In the years since the #MeToo and Black Lives Matter movements began, organizations have pledged to improve the diversity of their workforces, close the gender pay gap, and foster inclusive environments.
Sometimes, organizations are successful, writes Paola Cecchi-Dimeglio, a behavioral and data scientist and faculty chair of the Executive Leadership Research Initiative for Women and Minority Attorneys at Harvard Law School.
But “just as often, after declaring their intentions and investing significant resources, hiring and retaining diverse talent remains elusive and unrealized,” according to Cecchi-Dimeglio. “Such outcomes can leave organizations frustrated or inclined to stop their efforts to diversify.”
In this excerpt from her new book, “Diversity Dividend,” Cecchi-Dimeglio outlines 10 focus areas to help leaders and organizations successfully remove bias and support a diverse workforce by tapping the power of artificial intelligence and big data.
The excerpt has been edited and condensed for clarity and length.

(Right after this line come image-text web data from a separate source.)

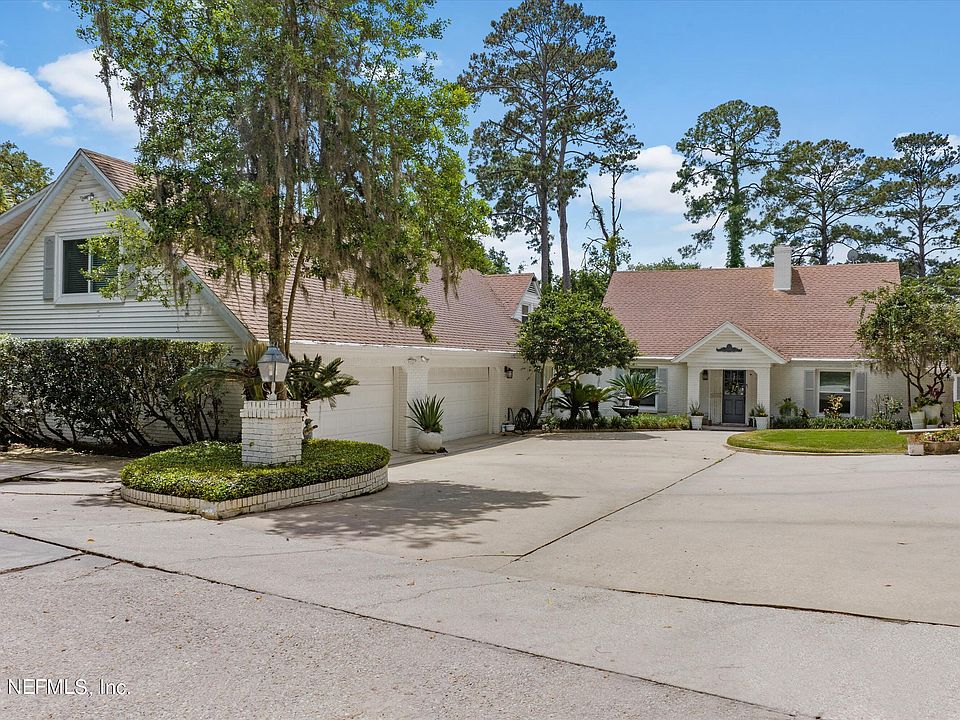 1st image of 120 JOHNSTON Avenue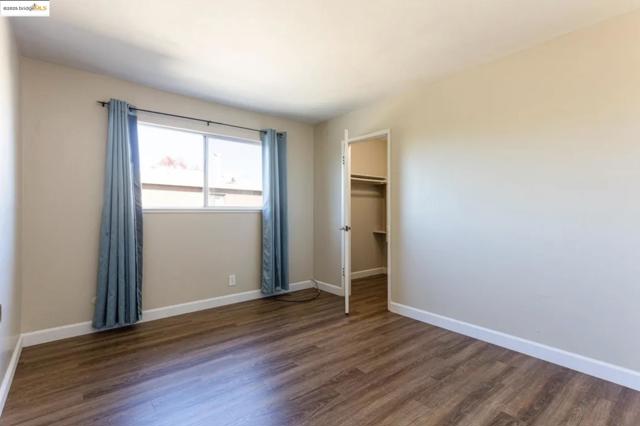 1298 63rd St, Emeryville CA: https://media.crmls.org/mediaz/fad29c0c-5714-4ad5-a03e-a118f5383d2d.jpg
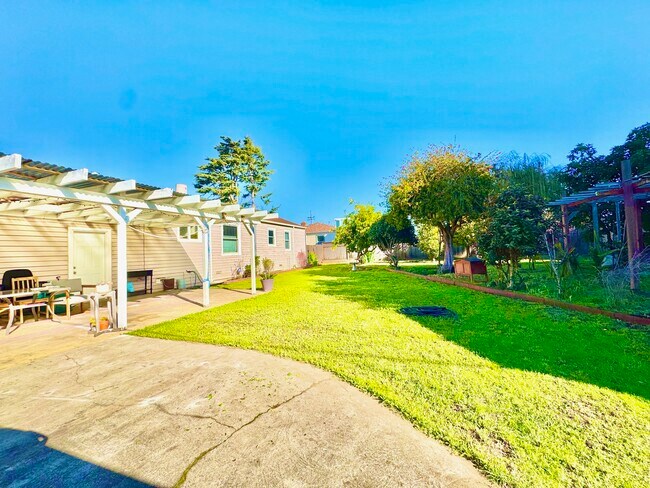 Building Photo - 2536 W Ave 130th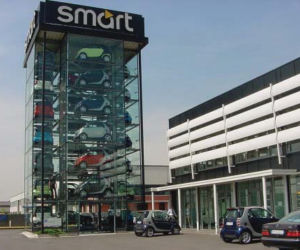 Parking automatyczny - gigantyczna przeszklona witryna salonu samochodowego Audi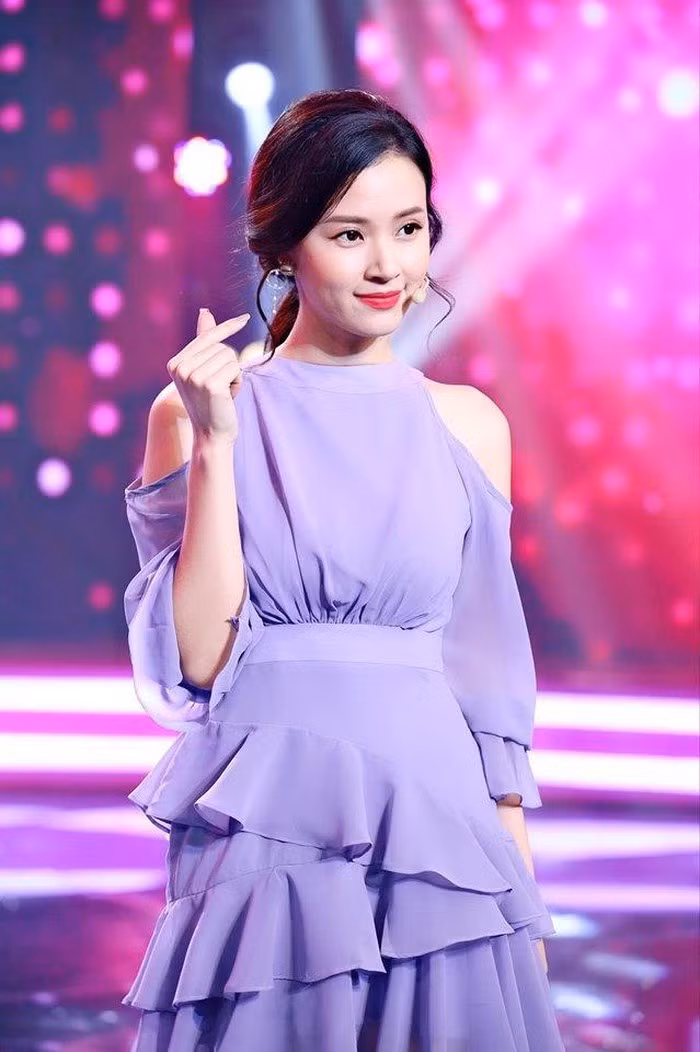 Style dịu dàng nữ tính, hở vừa đủ khoe vai thon của Midu ảnh 8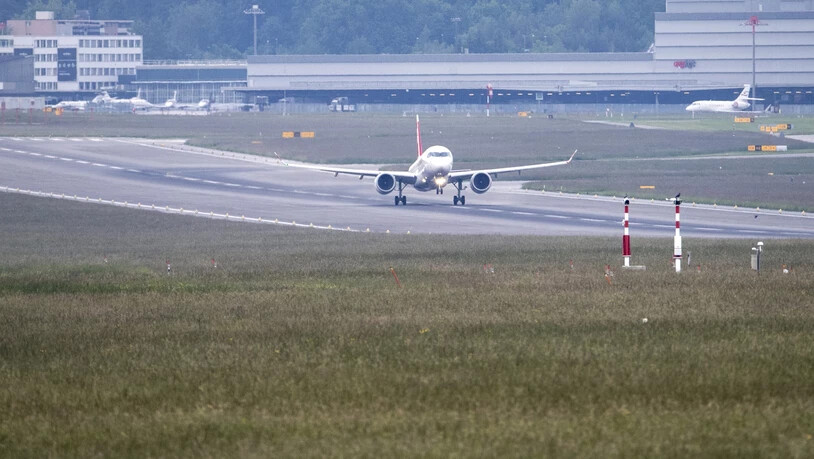 Der Betrieb auf dem Zürcher Flughafen soll pünktlicher und sicherer werden. Im Bild eine Maschine beim Start auf der Piste 14/32, die 280 Meter verlängert werden soll.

To benefit an organization and become part of a company’s strategic advantage, women, people of color, and individuals from other underrepresented groups have to be intentionally welcomed, integrated fully into the organization, and sustained. They must be purposely supplied with the same or equalizing information, connections, skills, projects, and support that are provided to others within the organization. Inequalities must be recognized, and intervening actions must be devised to nudge these conditions in a manner that creates equality and inclusivity. Companies that win at diversity design processes that are advantageous and level the playing field for everyone.

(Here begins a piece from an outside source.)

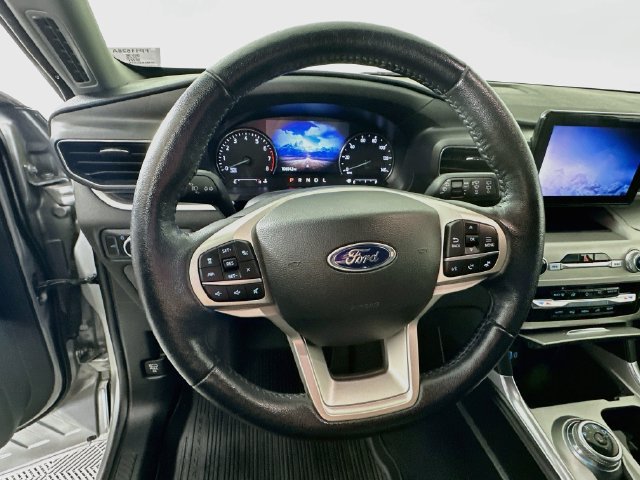 Certified 2022 Ford Explorer XLT w/ Equipment Group 202A AWD/4WD image 17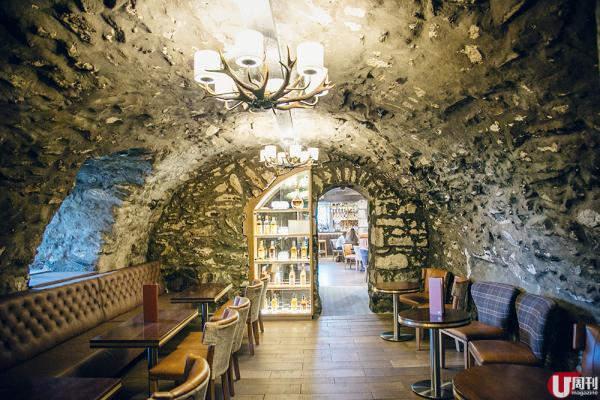 Meldrum House 內有個 800 年歷史的 Cave Bar，珍藏 120 款威士忌，包括世上最齊全的 Glen Garioch 系列。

Clearly, earning diversity’s dividend can seem elusive. Organizations may attract diverse talent to a hiring webpage, but often that talent does not feel they should apply for the posted position. If they do apply and are hired, women and people from underrepresented groups may leave the organization before being promoted. Throughout my research, consulting, writing, and experimentation, 10 points along the career trajectory stand out as places where specific kinds of nudges and interventions can support the goal of building and sustaining a diverse workforce. These include:
- Attracting diverse talent. Converting appropriate talent to applicants and candidates requires additional outreach and cultivation. Diverse talent may enter the process from disadvantaged positions, with fewer examples of people like themselves in the positions advertised, fewer contacts at competitive employers, and fewer people to help them navigate the application process.
- Recruiting diverse talent. A company may provide resources and strategies to candidates so that they can be ready for interviews. In addition, companies can extend information and connections that enable candidates to get a feel for the workplace and better envision their possibilities.

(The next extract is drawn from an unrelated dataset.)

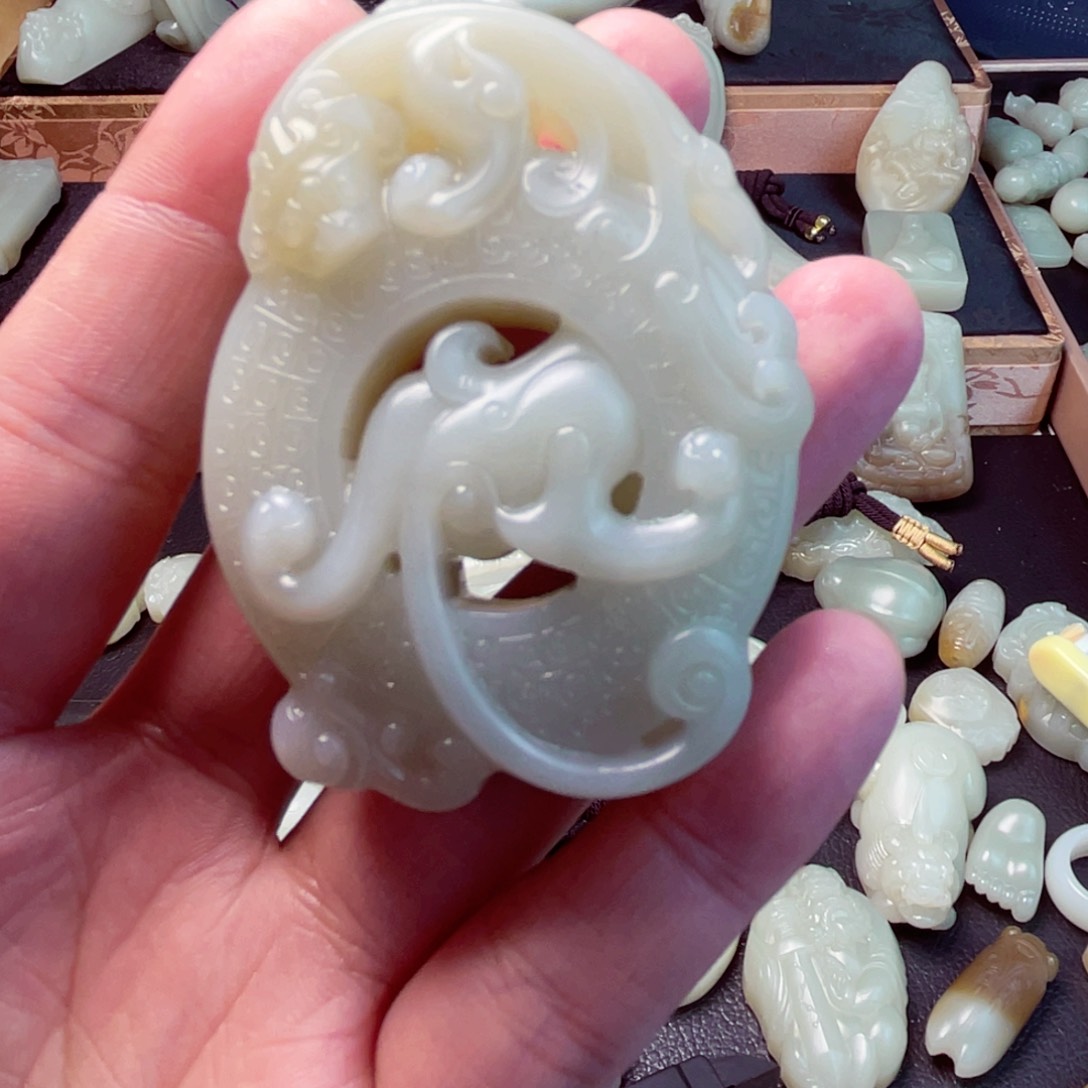 和田玉颈饰未镶嵌师**康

- Onboarding diverse talent. A fair onboarding process accounts for the fact that different gender, racial, national, ethnic, religious, sexual orientation, and socioeconomic groups have different numbers and levels of connections. During onboarding and moving forward along the career trajectory, organizations should intervene to build the necessary size and strengthen the quality of networks for these often less-connected hires.
- Skill building. Women, people of color, individuals with disabilities, and other underrepresented people generally have more limited networks and slower access to information within an organization. The information they are able to access indicates a dead end. Clarity and accuracy about which courses or modules of additional training or types of projects are required for which promotion paths removes the mystery and prevents the loss and damage that accompany the departure of employees.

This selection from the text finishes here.